Melodie und Dynamik werden dir sofort eingefallen sein. Doch es gibt noch mehr Bausteine in einem Song, die du gestalten kannst. Du kannst Timing und Phrasierung verändern, den Text unterschiedlich artikulieren sowie Tempo und Tonart an deine Fähigkeiten anpassen.

 

Fragt sich nur: Wie nutzt du dieses Material?

 

Ein Maler benutzt Wasserfarben, Textmarker oder Bleistift - und wie kann ein Sänger musikalisch gestalten?
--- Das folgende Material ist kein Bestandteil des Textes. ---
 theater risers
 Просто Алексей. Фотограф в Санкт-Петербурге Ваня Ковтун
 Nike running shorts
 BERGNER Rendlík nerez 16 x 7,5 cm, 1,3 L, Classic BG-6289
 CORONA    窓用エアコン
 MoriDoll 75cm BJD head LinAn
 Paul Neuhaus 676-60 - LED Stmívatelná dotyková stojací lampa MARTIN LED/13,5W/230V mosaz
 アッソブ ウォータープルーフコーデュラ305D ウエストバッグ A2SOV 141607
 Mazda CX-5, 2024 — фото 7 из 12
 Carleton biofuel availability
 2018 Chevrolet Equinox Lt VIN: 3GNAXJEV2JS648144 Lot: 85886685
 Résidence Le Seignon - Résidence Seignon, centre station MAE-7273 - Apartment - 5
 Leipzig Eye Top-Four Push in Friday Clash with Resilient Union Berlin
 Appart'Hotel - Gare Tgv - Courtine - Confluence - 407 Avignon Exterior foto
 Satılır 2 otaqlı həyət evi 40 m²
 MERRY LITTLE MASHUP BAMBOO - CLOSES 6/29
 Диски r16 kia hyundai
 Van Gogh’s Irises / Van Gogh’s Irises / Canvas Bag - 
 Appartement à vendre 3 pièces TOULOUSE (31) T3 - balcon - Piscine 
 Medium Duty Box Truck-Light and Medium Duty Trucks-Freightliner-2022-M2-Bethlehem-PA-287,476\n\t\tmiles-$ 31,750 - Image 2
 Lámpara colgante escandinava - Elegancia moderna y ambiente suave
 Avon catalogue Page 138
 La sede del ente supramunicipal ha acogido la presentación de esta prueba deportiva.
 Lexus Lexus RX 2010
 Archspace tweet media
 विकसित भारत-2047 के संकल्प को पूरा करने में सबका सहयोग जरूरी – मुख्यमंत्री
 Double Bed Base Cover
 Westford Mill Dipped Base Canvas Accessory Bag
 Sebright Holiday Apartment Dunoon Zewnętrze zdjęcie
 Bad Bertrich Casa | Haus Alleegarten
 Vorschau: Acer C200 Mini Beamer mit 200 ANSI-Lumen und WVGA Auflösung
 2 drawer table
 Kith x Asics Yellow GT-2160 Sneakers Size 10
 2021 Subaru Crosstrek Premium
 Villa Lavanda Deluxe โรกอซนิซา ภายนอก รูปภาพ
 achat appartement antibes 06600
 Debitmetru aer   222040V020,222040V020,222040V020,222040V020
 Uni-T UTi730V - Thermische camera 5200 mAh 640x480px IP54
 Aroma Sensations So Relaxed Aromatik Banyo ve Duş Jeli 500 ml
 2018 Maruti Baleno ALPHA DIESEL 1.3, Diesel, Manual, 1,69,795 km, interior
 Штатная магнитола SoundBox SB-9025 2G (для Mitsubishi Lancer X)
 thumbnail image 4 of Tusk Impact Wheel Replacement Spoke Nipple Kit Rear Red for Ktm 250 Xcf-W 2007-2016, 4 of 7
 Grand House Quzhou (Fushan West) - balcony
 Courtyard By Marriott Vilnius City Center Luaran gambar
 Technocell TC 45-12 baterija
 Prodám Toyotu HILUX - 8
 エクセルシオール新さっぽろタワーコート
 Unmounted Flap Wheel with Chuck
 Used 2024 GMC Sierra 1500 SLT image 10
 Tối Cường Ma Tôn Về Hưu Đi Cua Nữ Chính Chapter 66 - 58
Wasserfarbe, Bleistft, Fasermaler, Textmarker – auch beim Singen hast du unterschiedliche Gestaltungsmittel.

Wie du dein Material musikalisch gestalten kannst

Du kannst diese 7 Elemente direkt vom Originalkünstler kopieren.

Oder du gestaltest den Song auf deine Art.

 

Du hast die Wahl.

 

Lass uns einen genauen Blick darauf werfen, wie du das Grundmaterial einsetzen kannst. Hinter den Links findest du zahlreiche Artikel, die das Thema vertiefen, und Klangbeispiele.

 

Die Melodie musikalisch gestalten

Die Tonhöhe kannst du am Beginn des Tons, am Ende des Tons und zwischendrin verändern.

 

Wenn du direkt auf der korrekten Tonhöhe einsetzen möchtest, kannst du den Ton weich, hart oder hauchig beginnen. Du kannst ihn auch mit einem Vocal Effect starten, wie dem Anschleifen von oben oder von unten.

 

Hast du den Ton begonnen und gehst zum nächsten über, kannst du die Melodie staccato (ungebunden, zerstückelt) oder legato (gebunden, fließend) singen.

 

Am Ende eines Tons kannst du abrupt stoppen. Oder du wirst leiser. Setzt du dazu noch Hauch ein, wird es ein Aushauchen.

 

Außerdem hast du die Wahl, Riffs und Runs (Verzierungen, die du sehr häufig im Pop und Soul hörst) abzukürzen, wegzulassen oder einzubauen, wo keine sein.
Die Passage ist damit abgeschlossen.